In the entries below, repeat only the lines between those holding "How to Keep" and "Smooth Muscle •", inclusive. Leave pictures out.

Material supplied
────────────────

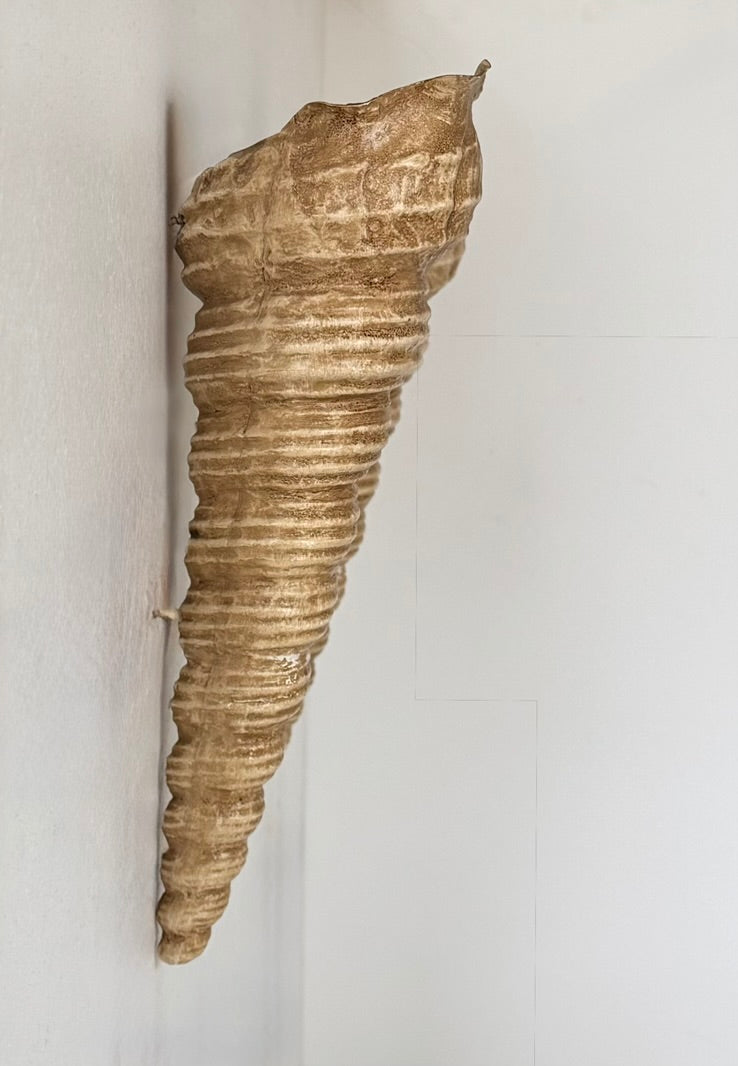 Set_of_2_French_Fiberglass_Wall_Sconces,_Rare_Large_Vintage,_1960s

────────────────

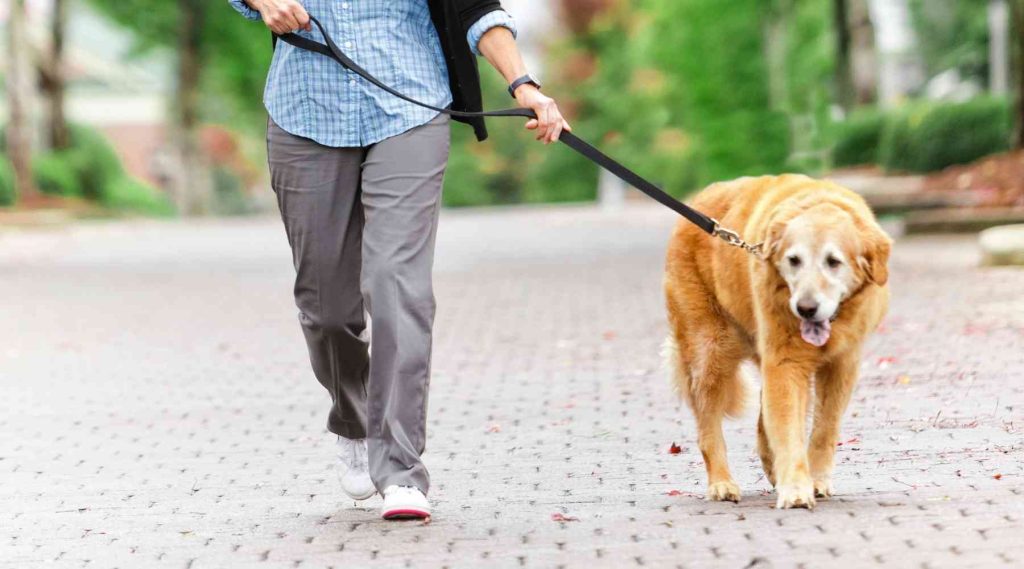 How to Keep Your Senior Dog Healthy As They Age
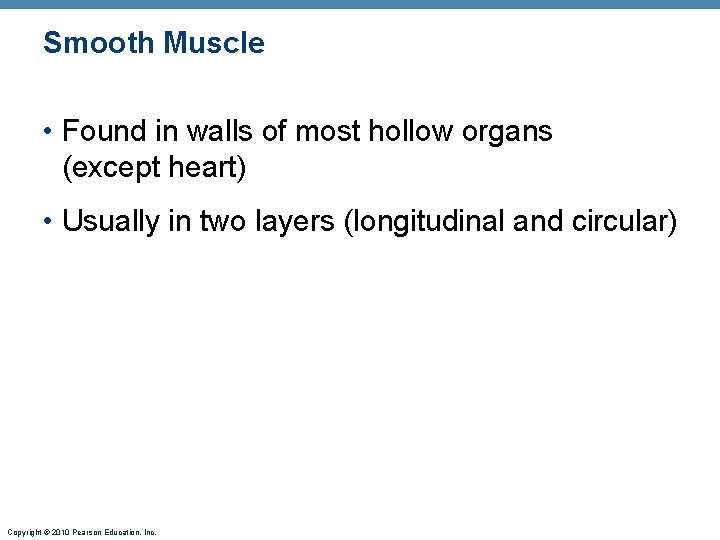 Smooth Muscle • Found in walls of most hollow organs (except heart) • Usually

────────────────

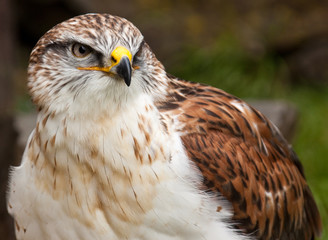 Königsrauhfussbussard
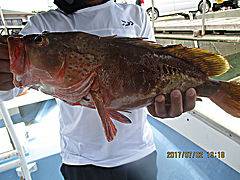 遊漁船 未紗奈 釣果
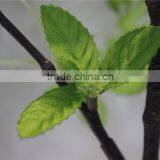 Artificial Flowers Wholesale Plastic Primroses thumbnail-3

────────────────

Solution to the problem
 How to Keep Your Senior Dog Healthy As They Age
 Smooth Muscle • Found in walls of most hollow organs (except heart) • Usually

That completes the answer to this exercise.